Reputation: 183
Neo4j Version 2.2.4
I use LOAD CSV to import a huge collection of nodes and relationships. I use MERGE to get or create the nodes. For performance I also created a unique index for the node property.
CREATE CONSTRAINT ON (e:RESSOURCE) assert e.url is unique;
USING PERIODIC COMMIT 10000
LOAD CSV FROM 'file:///Users/x/data.csv' AS line FIELDTERMINATOR '\t'
MERGE (subject:RESSOURCE {url: trim(line[0])})
MERGE (object:RESSOURCE {url: trim(line[1])})
CREATE (subject)-[:EQUIVALENCE]->(object);
The problem is that the import of about 1Mio. edges performs very bad. I profiled the import and also single MERGE queries and I couldn't see any usage of the unique index. In contrast a MATCH query makes use of the index.

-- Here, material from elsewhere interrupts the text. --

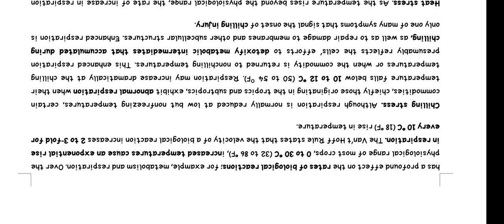This enhanced respiration presumably reflects the efforts to detoxify metabolic intermediates that accumulated during chilling, as well as to repair damage to membranes and other sub-cellular structures. Enhanced respiration is only one of many symptoms that signals the onset of chilling injury.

What can I do to use MERGE with the index?
Upvotes: 5
Views: 641
Reputation: 41676
Peter is correct, for some more explanation:
You run into the EAGER problem, see: http://www.markhneedham.com/blog/2014/10/23/neo4j-cypher-avoiding-the-eager/ you should see it in your EXPLAIN output (remove the periodic commit and use explain)

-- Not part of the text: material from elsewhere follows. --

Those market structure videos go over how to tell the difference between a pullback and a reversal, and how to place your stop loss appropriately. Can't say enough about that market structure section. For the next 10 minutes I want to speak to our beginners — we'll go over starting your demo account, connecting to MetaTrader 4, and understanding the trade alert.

+--------------+----------------------------------+-----------------------+
| Operator | Identifiers | Other |
+--------------+----------------------------------+-----------------------+
| +EmptyResult | | |
| | +----------------------------------+-----------------------+
| +UpdateGraph | anon[179], line, object, subject | CreateRelationship |
| | +----------------------------------+-----------------------+
| +UpdateGraph | line, object, subject | MergeNode; :RESSOURCE |
| | +----------------------------------+-----------------------+
| +Eager | line, subject | |
| | +----------------------------------+-----------------------+
| +UpdateGraph | line, subject | MergeNode; :RESSOURCE |
| | +----------------------------------+-----------------------+
| +LoadCSV | line | |
+--------------+----------------------------------+-----------------------+
Eager will pull in your whole CSV file to ensure isolation and effectively disable your periodic commit.

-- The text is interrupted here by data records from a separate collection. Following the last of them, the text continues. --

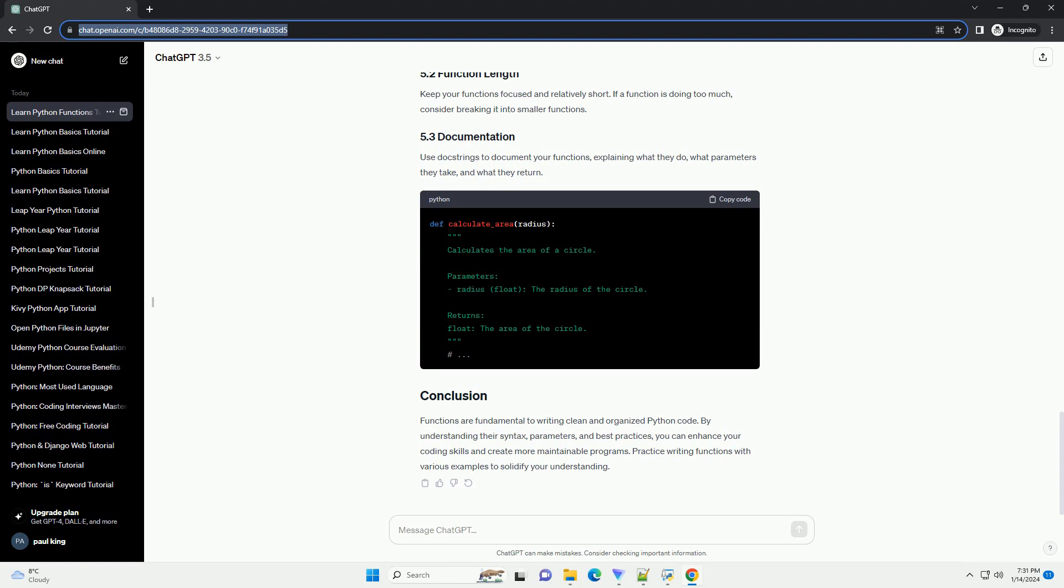Variables defined inside a function are local to that function, meaning they are not accessible outside of it. Choose descriptive names for your functions that indicate their purpose. Keep your functions focused and relatively short. If a function is doing too much, consider breaking it into smaller functions. Use doc strings to document your functions, explaining what they do, what parameters they take, and what they return.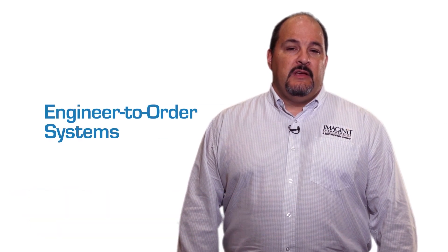Hi, I'm Scott Hale and I manage the manufacturing professional services team here at Imaginate Technologies.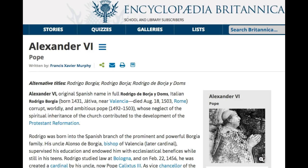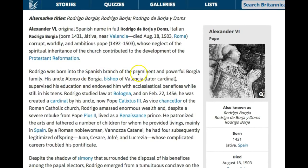Now I'm here at the Britannica encyclopedia. The image of the beast has to do with the Roman Catholic Church, since we've identified that the Roman Catholic Church is the first beast of Revelation chapter 13. It talks about Pope Alexander the Sixth — original Spanish name Rodrigo de Borja, Italian Rodrigo Borgia, born 1431 near Valencia, died August 18, 1503 in Rome — described as a corrupt, worldly, and ambitious pope whose neglect of the church's spiritual inheritance contributed to the development of the Protestant Reformation.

If you do two passes, you could also try:
CREATE CONSTRAINT ON (e:RESSOURCE) assert e.url is unique;
USING PERIODIC COMMIT 10000
LOAD CSV FROM 'file:///Users/x/data.csv' AS line FIELDTERMINATOR '\t'
FOREACH (url in line[0..1] |
MERGE (subject:RESSOURCE {url: trim(url)})
);
USING PERIODIC COMMIT 10000
LOAD CSV FROM 'file:///Users/x/data.csv' AS line FIELDTERMINATOR '\t'
MATCH (subject:RESSOURCE {url: trim(line[0])})
MATCH (object:RESSOURCE {url: trim(line[1])})
CREATE (subject)-[:EQUIVALENCE]->(object);
Upvotes: 6
Reputation: 406
Try this:
MATCH (subject:RESSOURCE {url: trim(line[0])}), (object:RESSOURCE {url: trim(line[1])})
MERGE (subject)-[:EQUIVALENCE]->(object)
Edit: I see you also want to merge the nodes - I would suggest doing a MERGE for each node:
MERGE (subject:RESSOURCE {url: trim(line[0])})
I also recommend doing the trim when you build the csv file so you limit the number of times neo4j is doing it and simplify this cypher.
Edit 2 (thanks to comment by Kai who corrected my above MERGE statement):
If you want to do a more complex MERGE with more properties you could do this:
MERGE (subject:RESSOURCE {url: trim(line[0])})
ON CREATE SET source=trim(line[1])
ON MERGE SET source=trim(line[1])
Upvotes: 3